Segment Start: Data in this exercise
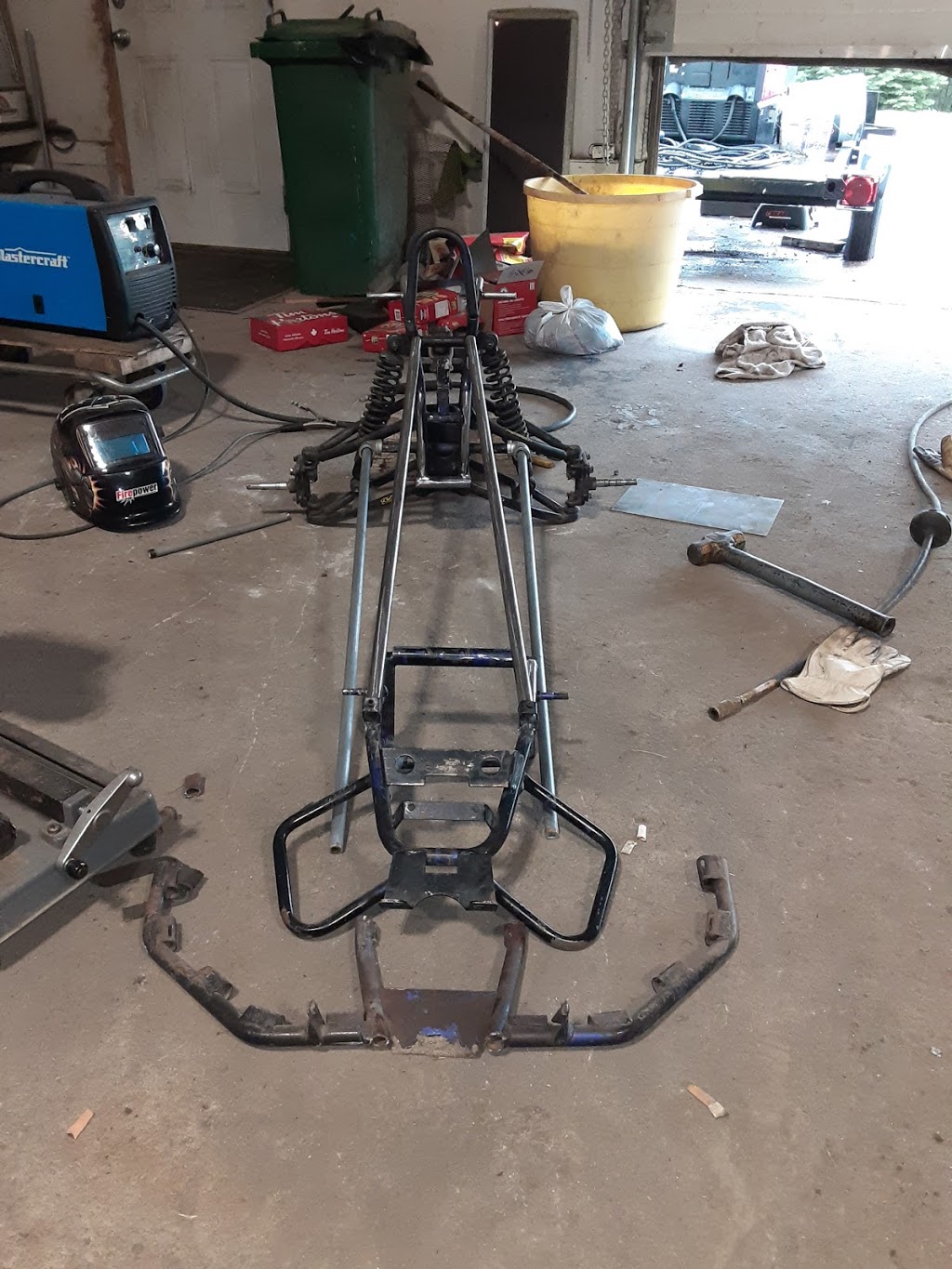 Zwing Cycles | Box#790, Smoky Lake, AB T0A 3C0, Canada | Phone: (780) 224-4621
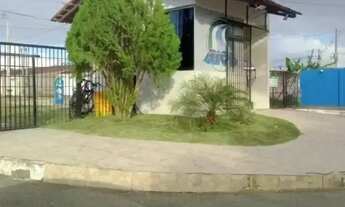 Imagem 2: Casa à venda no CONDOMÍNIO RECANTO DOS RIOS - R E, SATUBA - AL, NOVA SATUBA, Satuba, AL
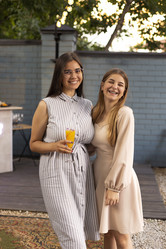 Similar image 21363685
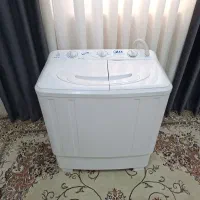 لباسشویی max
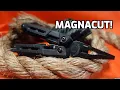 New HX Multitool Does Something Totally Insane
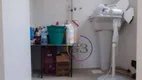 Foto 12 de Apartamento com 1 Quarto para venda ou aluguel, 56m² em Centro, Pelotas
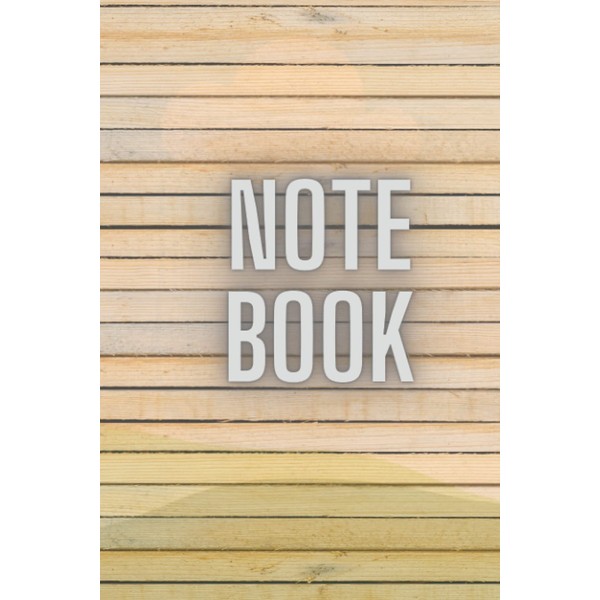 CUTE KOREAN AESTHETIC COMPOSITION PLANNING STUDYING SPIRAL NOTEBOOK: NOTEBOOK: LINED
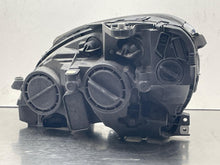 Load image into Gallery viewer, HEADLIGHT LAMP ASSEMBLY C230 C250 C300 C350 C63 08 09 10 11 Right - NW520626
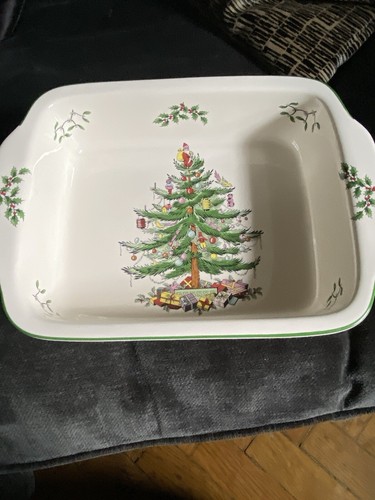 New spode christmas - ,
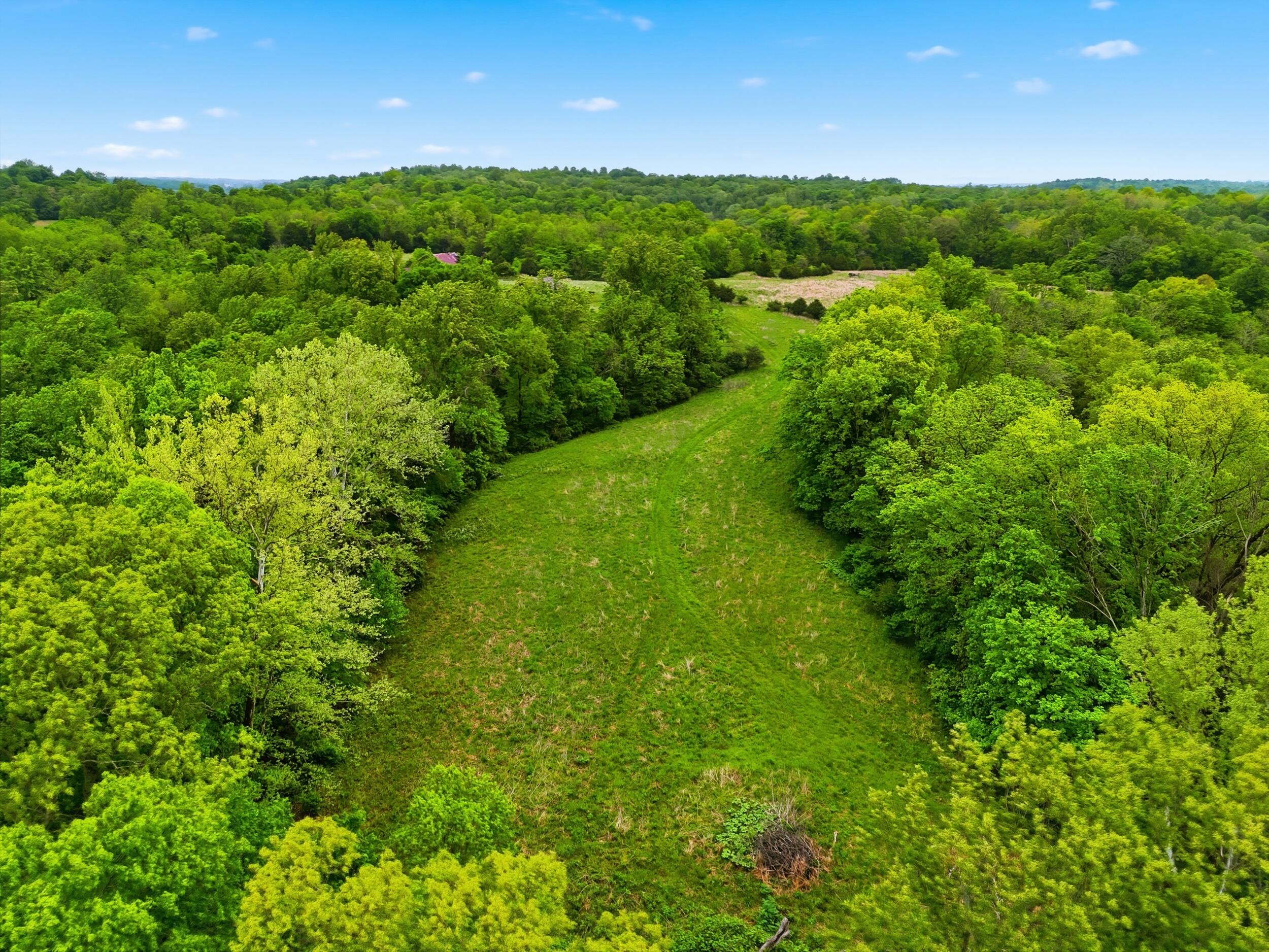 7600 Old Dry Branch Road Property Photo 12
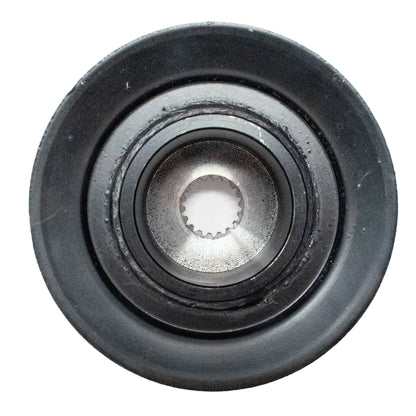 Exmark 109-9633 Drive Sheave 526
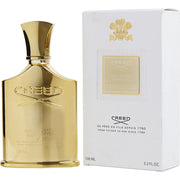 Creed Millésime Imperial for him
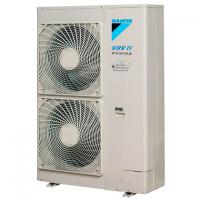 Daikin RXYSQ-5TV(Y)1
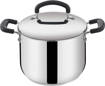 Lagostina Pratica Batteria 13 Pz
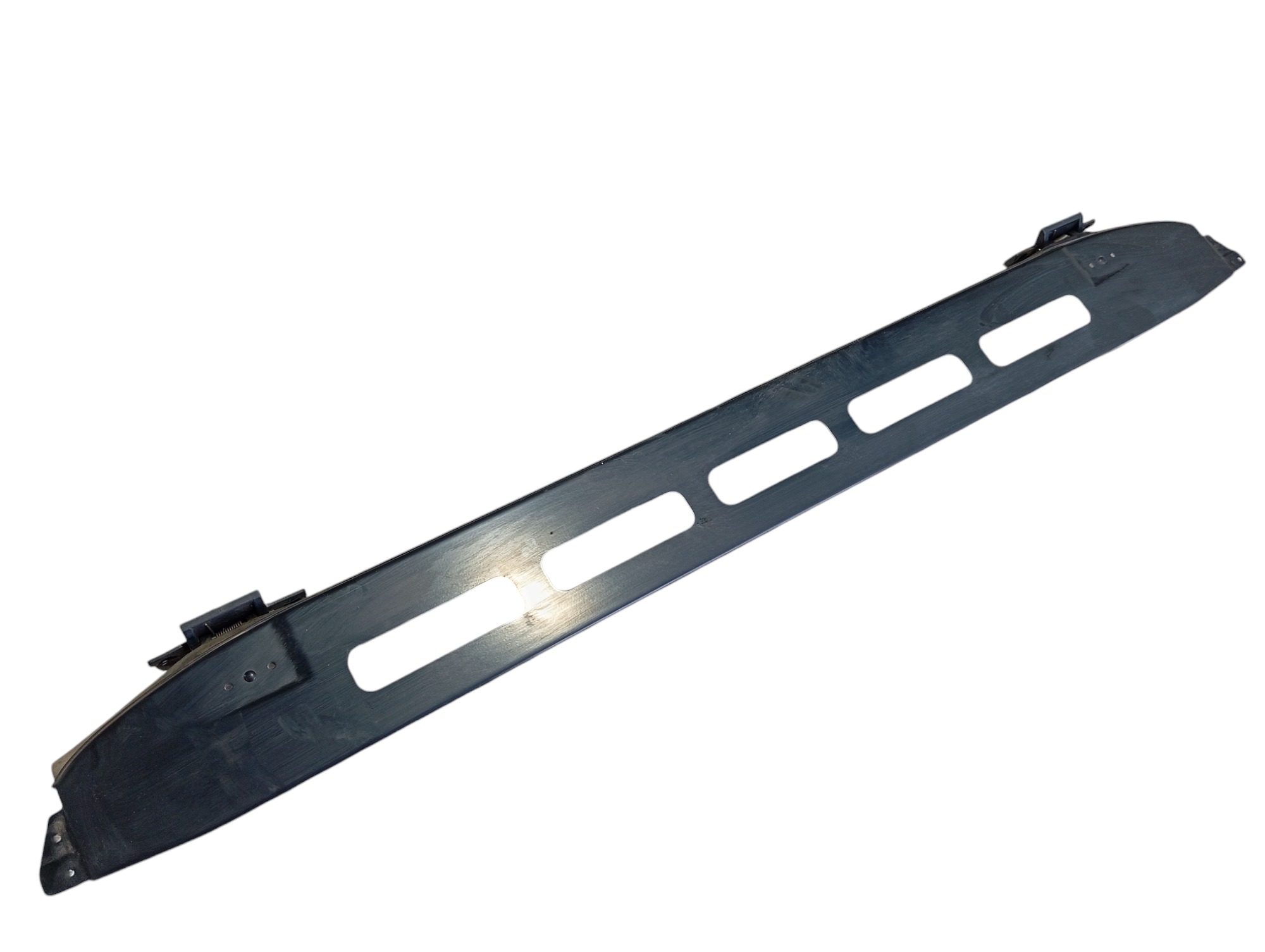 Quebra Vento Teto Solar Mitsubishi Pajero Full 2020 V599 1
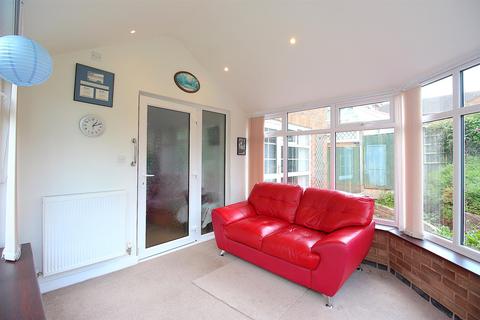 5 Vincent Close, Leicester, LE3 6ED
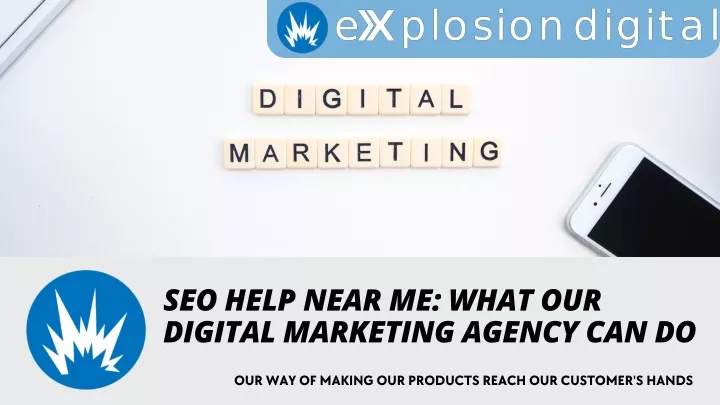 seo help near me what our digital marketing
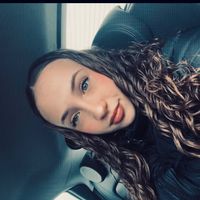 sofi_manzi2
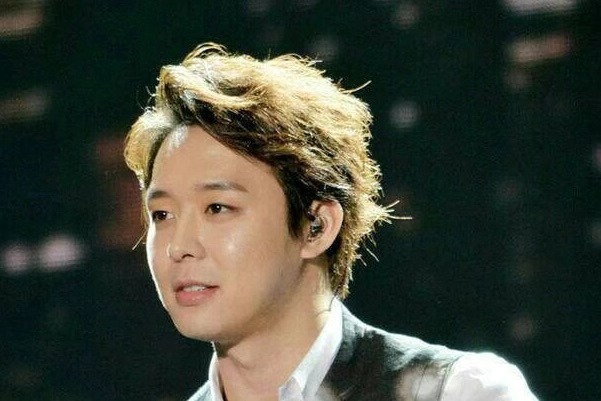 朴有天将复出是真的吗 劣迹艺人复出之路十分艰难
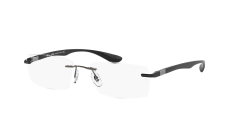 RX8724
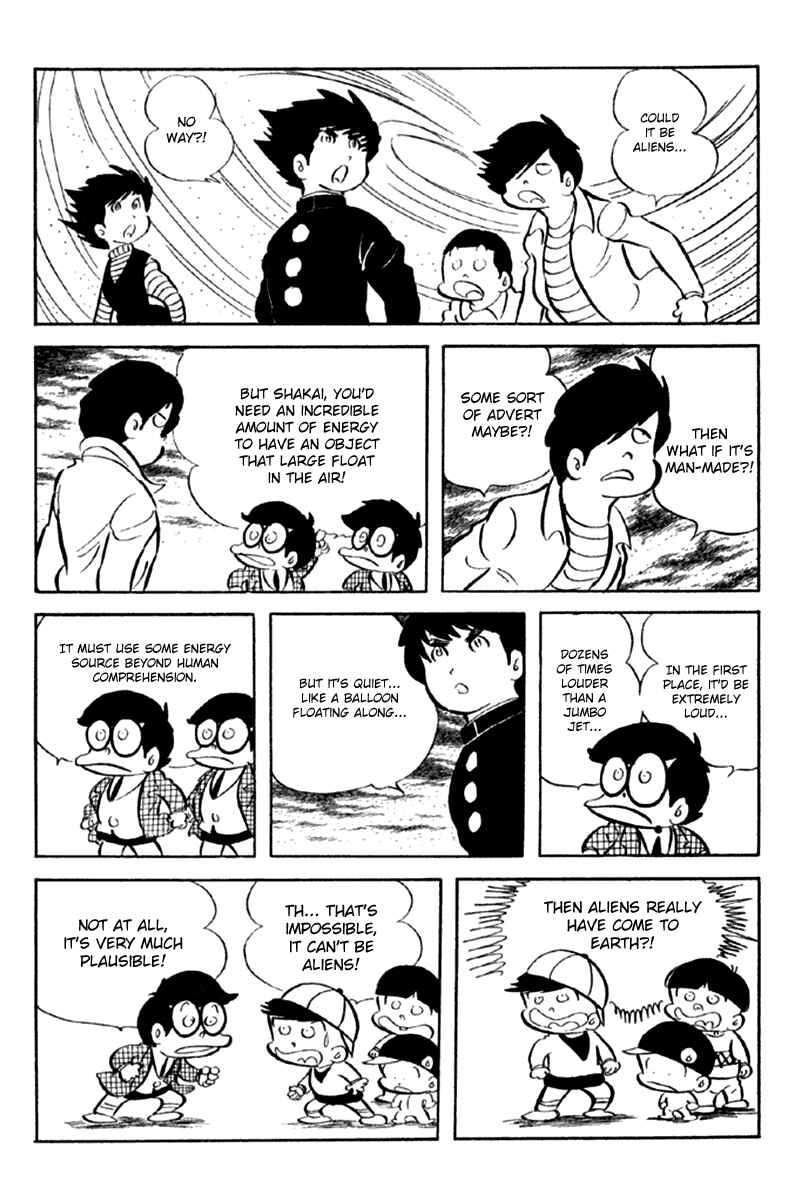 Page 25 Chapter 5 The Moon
Segment End: Data in this exercise
### Work to complete
Each line from the one with "Exmark 109-9633 Drive Sheave 526" to the final line of the data above is to be printed exactly; no picture should appear in the copy.

### Exercise result
 Exmark 109-9633 Drive Sheave 526
 Creed Millésime Imperial for him
 Daikin RXYSQ-5TV(Y)1
 Lagostina Pratica Batteria 13 Pz
 Quebra Vento Teto Solar Mitsubishi Pajero Full 2020 V599 1
 5 Vincent Close, Leicester, LE3 6ED
 seo help near me what our digital marketing
 sofi_manzi2
 朴有天将复出是真的吗 劣迹艺人复出之路十分艰难
 RX8724
 Page 25 Chapter 5 The Moon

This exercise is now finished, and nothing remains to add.